##### Source material #####
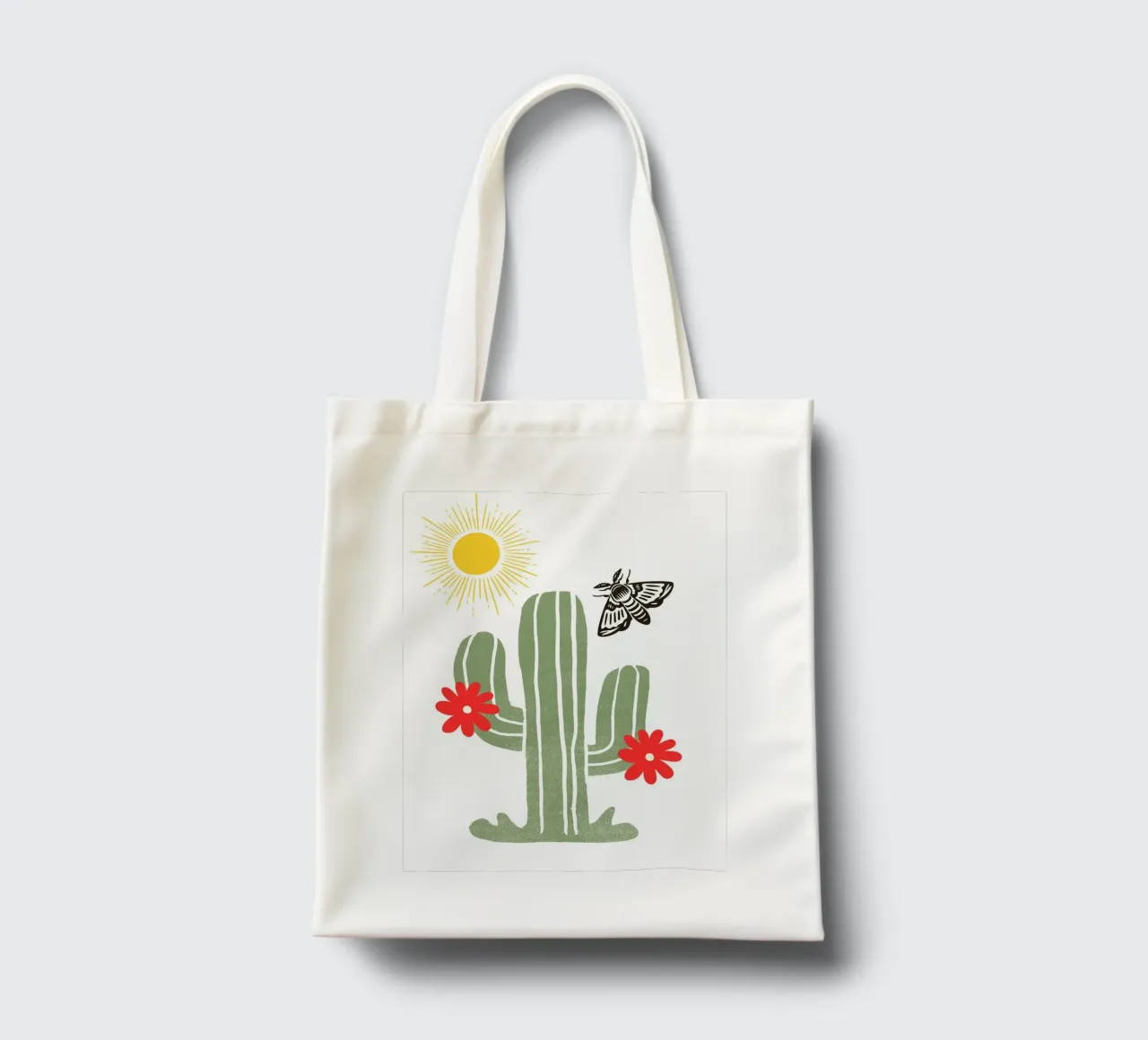 green cactus with two red borsa in juta da ramosashop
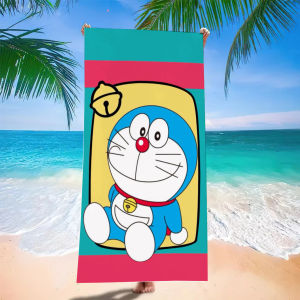 52TOYS | Doraemon Classic Sitting Pose Beach Towel Retro Color Block Bell Cartoon Microfiber Quick Dry Sand-Free Kids Swim Towel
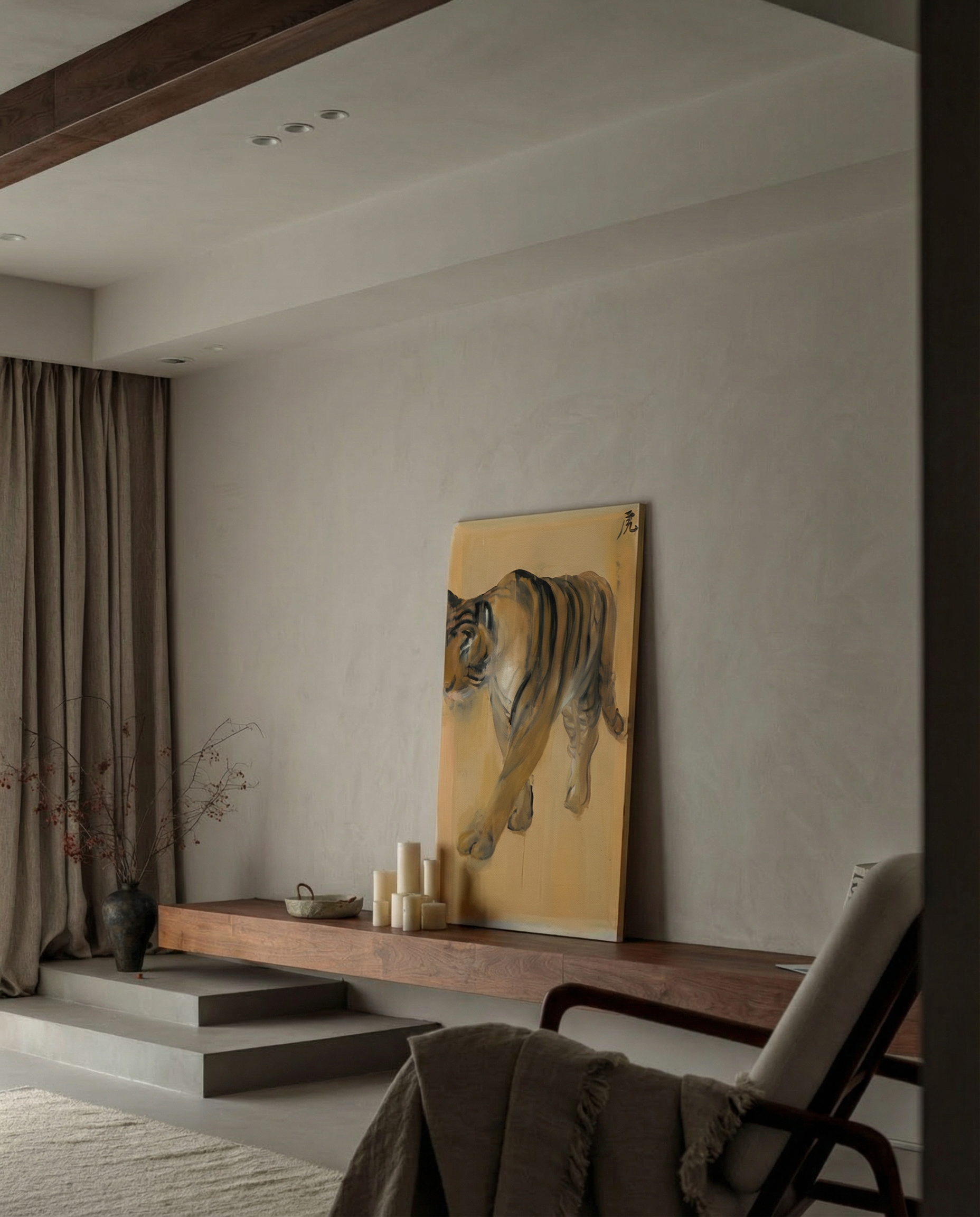 Living room with a tiger painting on the wall Tiger – Contemporary Animal Canvas Art | Luxury Wall Decor | Brume Art
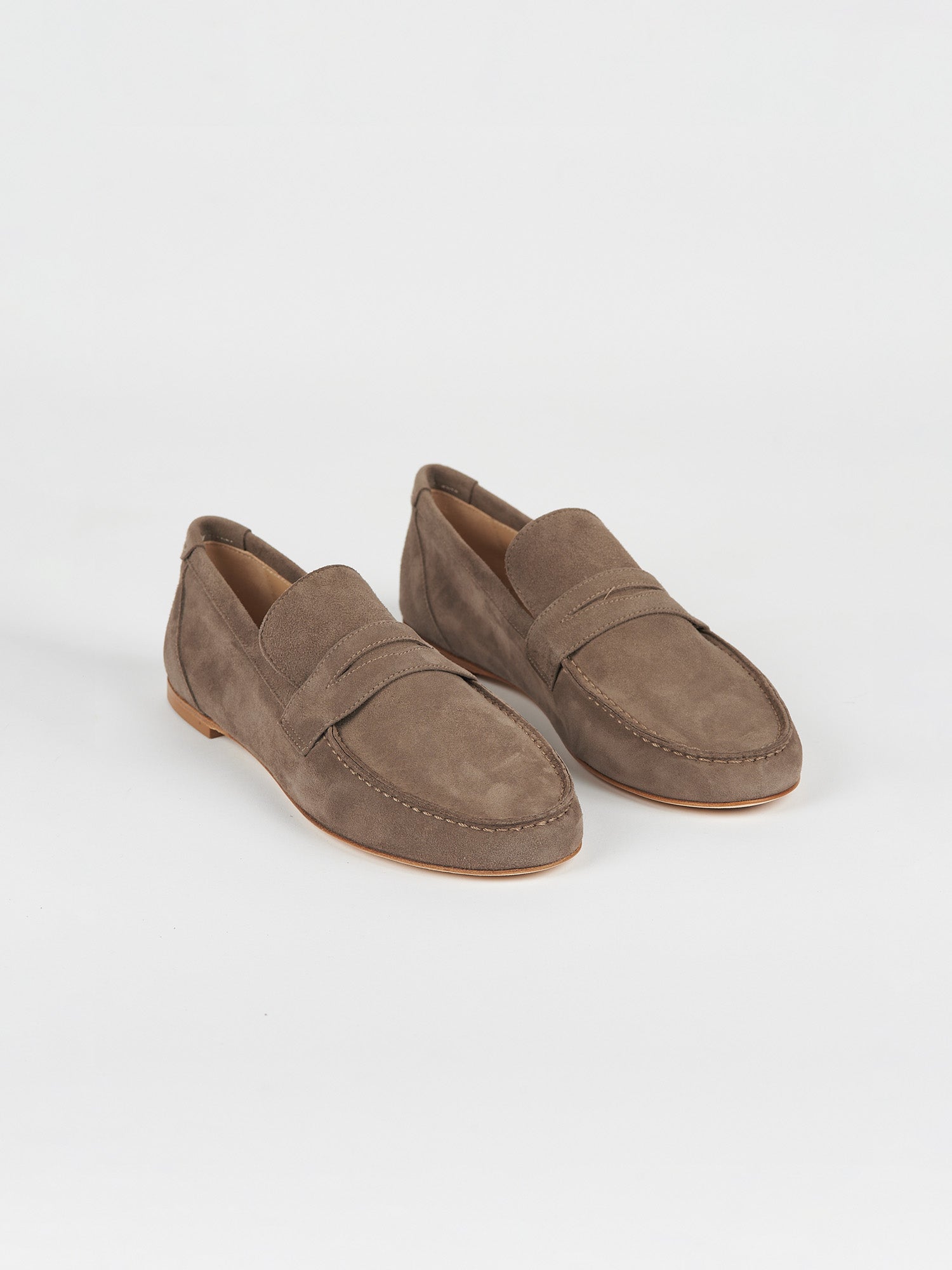 The Penny Loafer in Taupe Suede Angled Front View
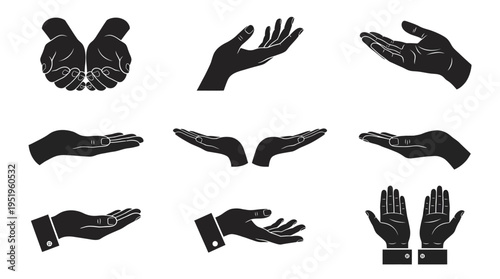 Collection of silhouetted hands gesturing in various open palm positions
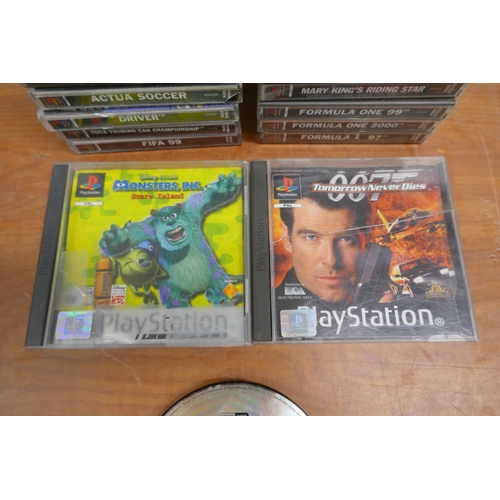 2057 - 19 Playstation 1 games including Actua Soccer, Monsters Inc. Scare Island, Constructor, PGA Tour 96,... 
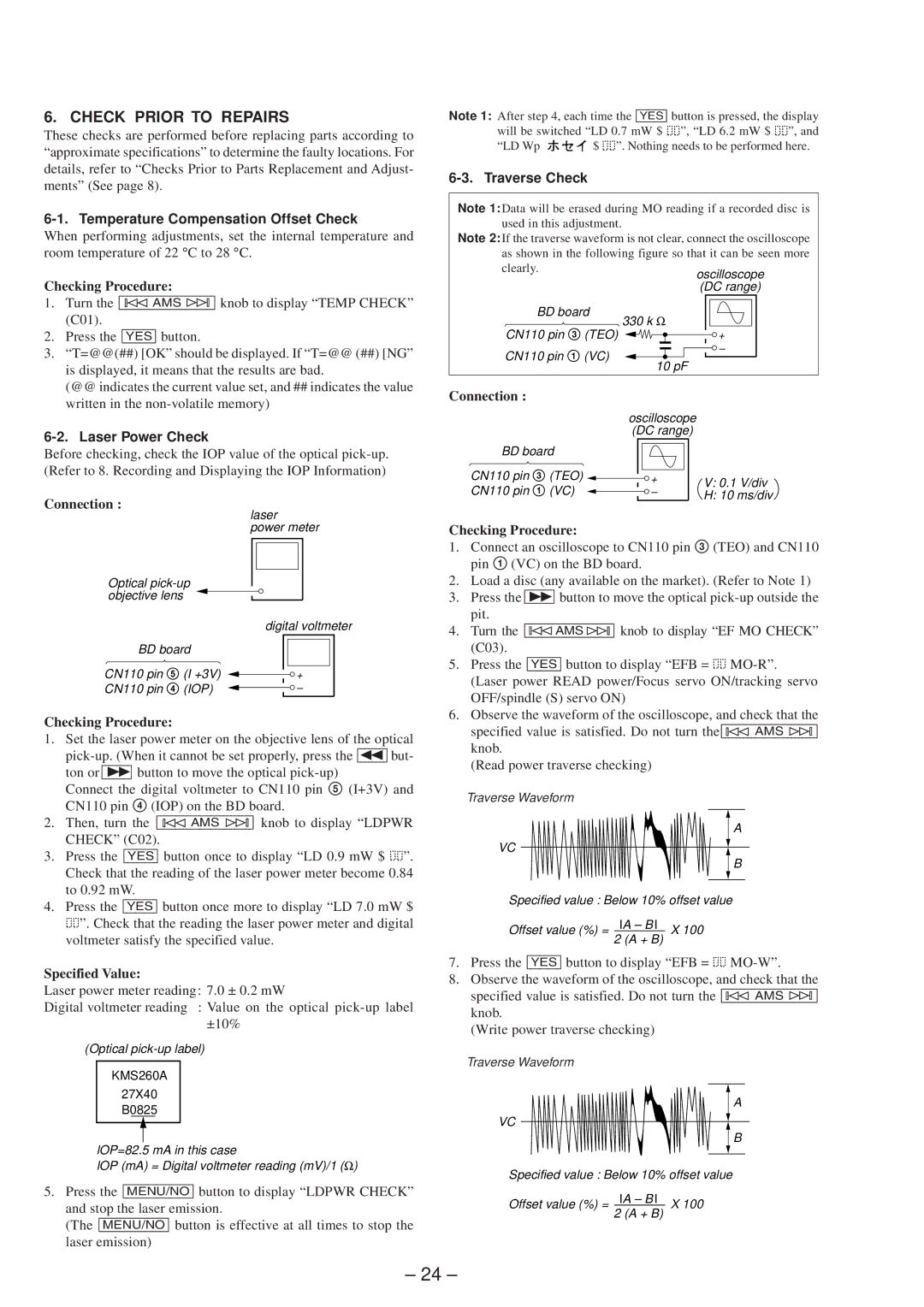 Sony MDS-JE630 Check Prior to Repairs, Temperature Compensation Offset Check, Laser Power Check, Traverse Check, KMS260A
#####
#### Task prompt:
Without any pictures, please write out the lines from the one containing "2057 - 19 Playstation" through the final line of the data, exactly and inclusive of both ends.

#### Answer box:
 2057 - 19 Playstation 1 games including Actua Soccer, Monsters Inc. Scare Island, Constructor, PGA Tour 96,... 
 Sony MDS-JE630 Check Prior to Repairs, Temperature Compensation Offset Check, Laser Power Check, Traverse Check, KMS260A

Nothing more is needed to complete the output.